» **Task to complete**: Please repeat the data below exactly, with the pictures removed.

» **Supplied material**:
=-=-=
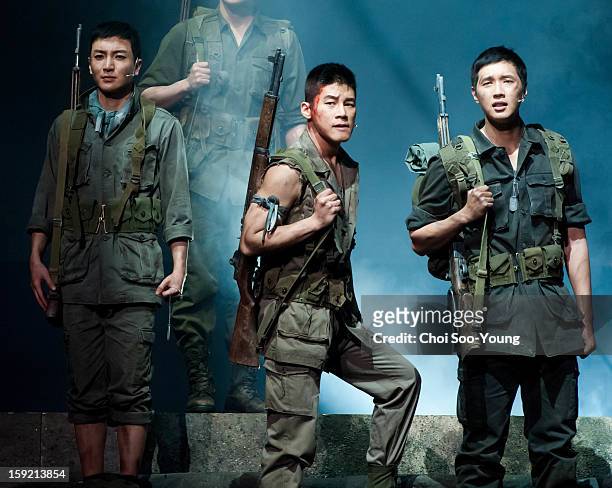 Lee-Teuk of Super Junior, Kim Moo-Yul and Ji Hyun-Woo perform during the musical 'The Promise' press call at the National Theater of Korea Main Hall...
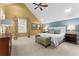 Bedroom featuring high ceilings, carpet, and an assortment of furniture at 17800 Se 237Th Ct, Umatilla, FL 32784
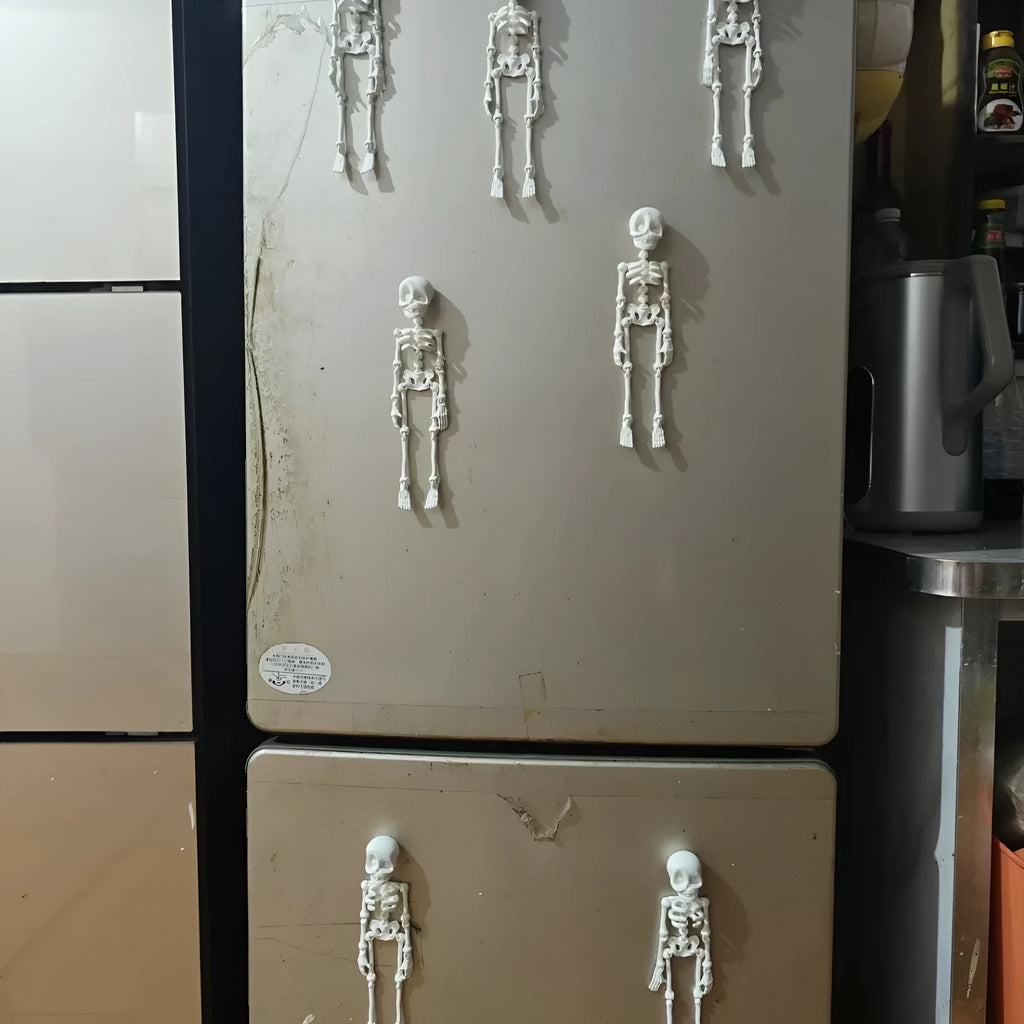 3D printed white skull refrigerator magnet with intricate details on a metallic surface.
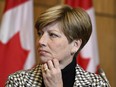 Conservative MP Karen Vecchio listens during a news conference in Ottawa, Tuesday, Nov. 22, 2022.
=-=-=
» **Problem solution**:
 Lee-Teuk of Super Junior, Kim Moo-Yul and Ji Hyun-Woo perform during the musical 'The Promise' press call at the National Theater of Korea Main Hall...
 Bedroom featuring high ceilings, carpet, and an assortment of furniture at 17800 Se 237Th Ct, Umatilla, FL 32784
 3D printed white skull refrigerator magnet with intricate details on a metallic surface.
 Conservative MP Karen Vecchio listens during a news conference in Ottawa, Tuesday, Nov. 22, 2022.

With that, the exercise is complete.